KEEPING HIS COOLWhen Dale collapsed, his daughter called 911 while a family friend began performing cardiopulmonary resuscitation (CPR) on him. Emergency medical personnel from New Braunfels Fire Department Station Six rushed to the scene and began working to stabilize Dale’s heart while they transported him to the emergency department at CHRISTUS Santa Rosa Hospital – New Braunfels.
“Emergency responders and our ED staff had to shock Dale’s heart to get it back into rhythm,” says Bryan Fisk, M.D., an intensivist with CHRISTUS Santa Rosa Hospital – New Braunfels. “He was given a breathing tube and rushed to our cardiac catheterization lab so we could find out what was wrong.”
In the catheterization lab, interventional cardiologist Jason Yoho, M.D., used special imaging technology to find the blockage and began the process of clearing the LAD. An intra-aortic balloon pump was inserted to help support Dale’s heart. Dale was then transferred to the Intensive Care Unit (ICU) where he was started on therapeutic hypothermia. This complex therapy helps save lives of people like Dale who have heart attacks outside of the hospital setting.

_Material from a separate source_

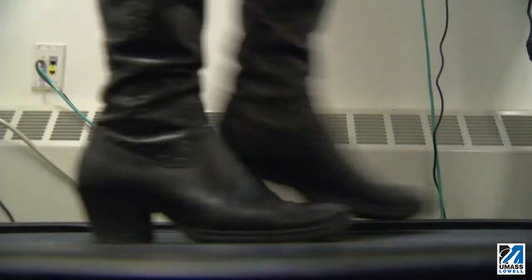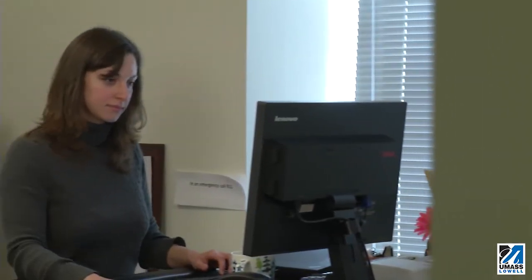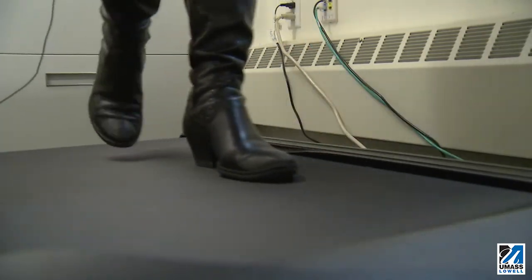We are studying the usability of treadmill workstations in the real work environment. The Center for Promotion of Health of the New England Worker gave a seed grant that we used to buy the five treadmill workstations.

“When someone goes into cardiac arrest, blood stops flowing to the brain,” Dr. Fisk says. “Restoring blood flow to the brain is important to stop the damage, but the sudden restoration of blood flow can actually lead to oxygen toxicity and risk further injuring the brain tissue. Cardiac arrest will cause chemical changes to brain cells. If oxygen is reintroduced too quickly, it can actually cause those cells to die. Hypothermia slows down the damage, gives the brain time to heal and prevents this.”

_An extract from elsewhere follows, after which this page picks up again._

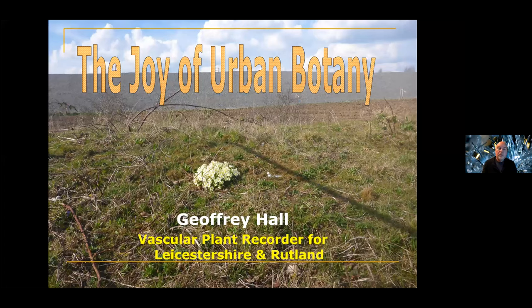Good evening, everyone. We're very pleased to have with us this evening Geoffrey Hall, who's the Vascular Plant Recorder for Leicestershire and Rutland, VC55. Next week we have the annual BSBI New Year Plant Hunt — I believe it's the 10th year that's run, possibly slightly different this year due to COVID regulations, but going ahead. Geoffrey's going to talk about the joy of urban botany.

Tucked between two cooling blankets that kept his temperature a chilly 91 degrees Fahrenheit, Dale’s body entered a semi-dormant state. His organs and blood flow slowed, giving his brain and heart time to heal. After 24 hours of cooling, Dale was gradually warmed back up to his normal temperature. This is a very slow process, with the temperature coming up by a few degrees each hour. Doctors closely monitored Dale’s progress, and a few days later he was able to come off his ventilator and begin the process of recovering and getting back to an active lifestyle.
FAST TRACK TO RECOVERY
After two weeks, Dale transferred to an inpatient rehabilitation center in New Braunfels. He spent five days there before returning home. Dale continued to do outpatient rehabilitation at CHRISTUS Santa Rosa Rehabilitation Center – New Braunfels. Dale has made a point of getting back to living the life he loves. In March, he went back to work coaching and teaching, much to the delight of his colleagues and students. Today, Dale runs five or six miles a day and spends a lot of time with his children and grandchildren. He even got married this summer. “I feel like life now is even better than before,” Dale says. “I have my health. I’m married to the woman of my dreams. And I’m thankful to God and my doctors. I’m an example of what can happen if you don’t look after yourself properly. Everywhere I go, I tell people that I’m a big proponent of heart scans. See your doctor. Find out what’s going on in there. It could save your life.”